### THE PROBLEM
The reply should contain the full listing exactly as written and no pictures at all.
::: DATASET SECTION :::
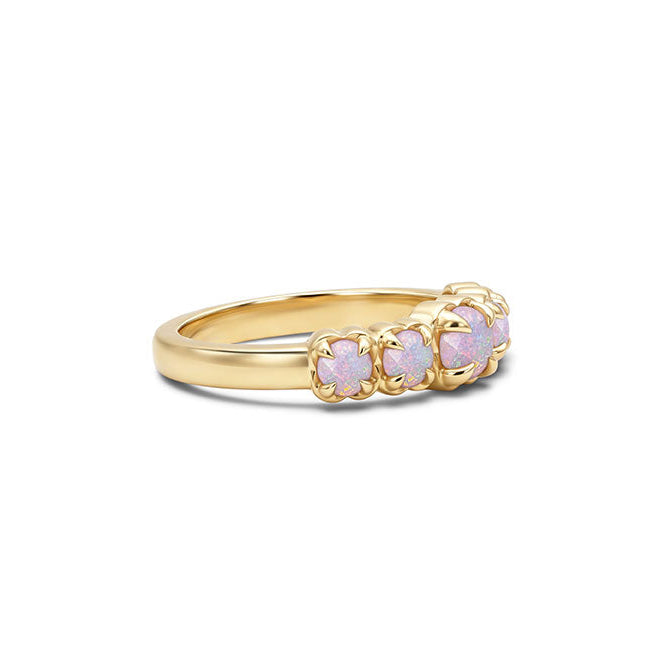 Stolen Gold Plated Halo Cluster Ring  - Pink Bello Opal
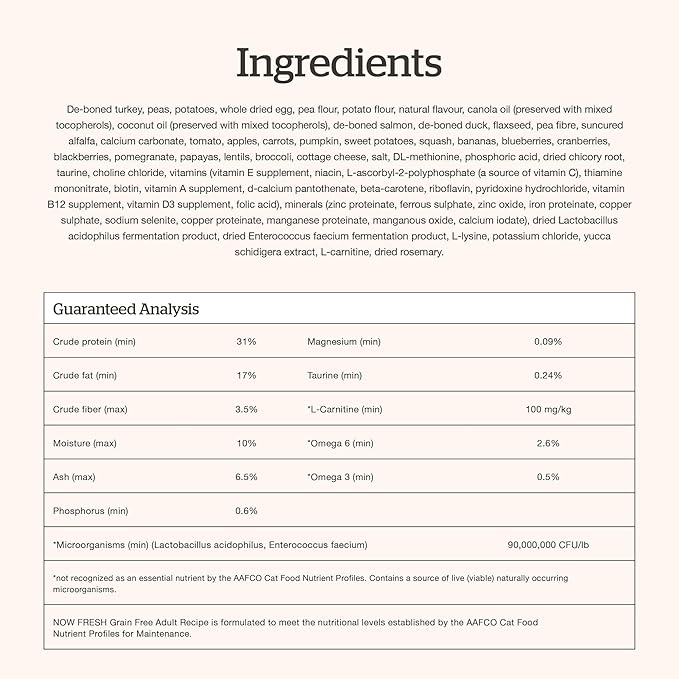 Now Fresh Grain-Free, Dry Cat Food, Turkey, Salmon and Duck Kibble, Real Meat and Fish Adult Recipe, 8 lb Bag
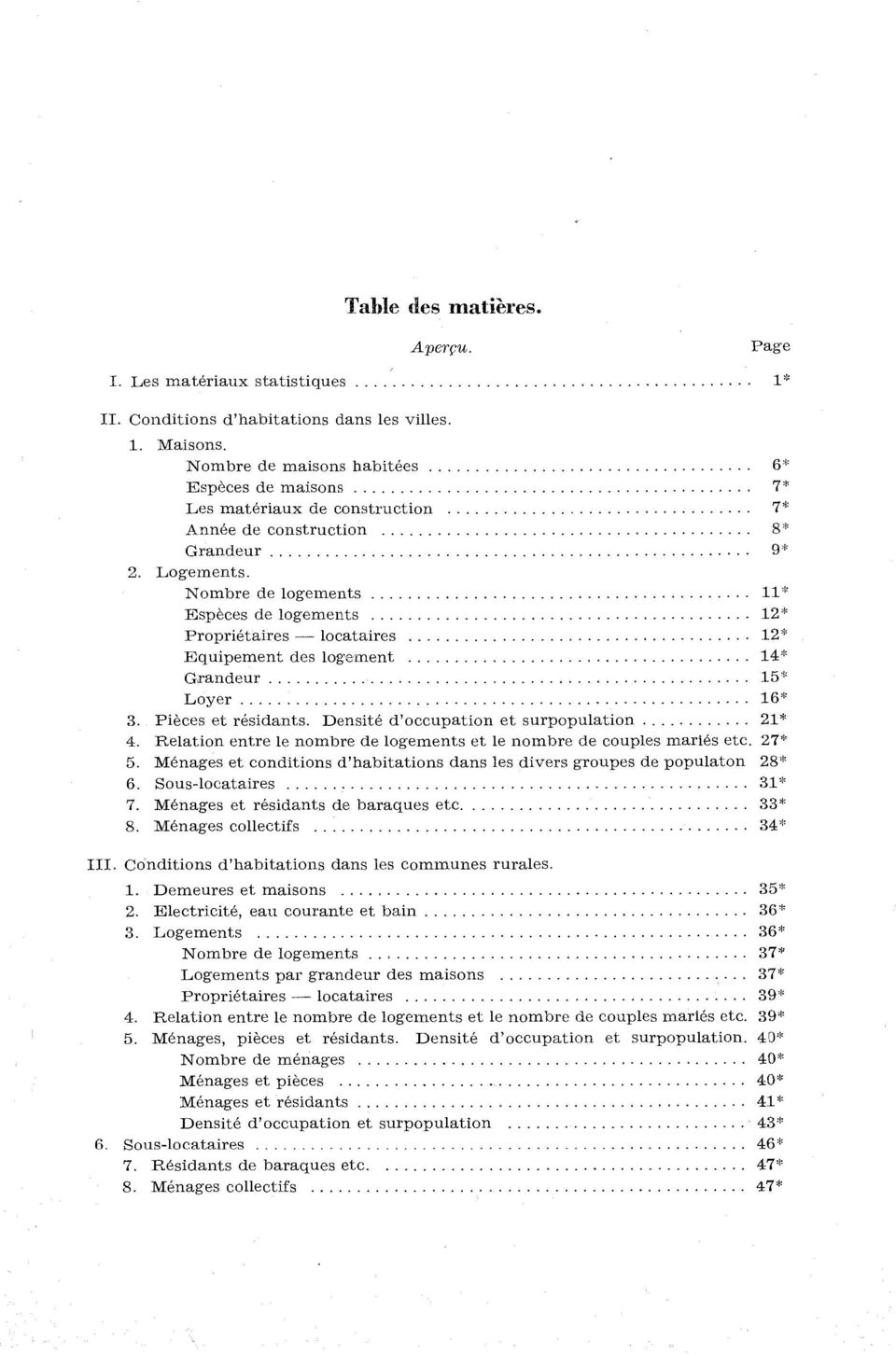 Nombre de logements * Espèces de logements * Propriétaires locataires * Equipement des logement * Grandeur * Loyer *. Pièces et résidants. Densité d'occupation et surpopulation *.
:::
### ANSWER BOX
 Stolen Gold Plated Halo Cluster Ring  - Pink Bello Opal
 Now Fresh Grain-Free, Dry Cat Food, Turkey, Salmon and Duck Kibble, Real Meat and Fish Adult Recipe, 8 lb Bag
 Nombre de logements * Espèces de logements * Propriétaires locataires * Equipement des logement * Grandeur * Loyer *. Pièces et résidants. Densité d'occupation et surpopulation *.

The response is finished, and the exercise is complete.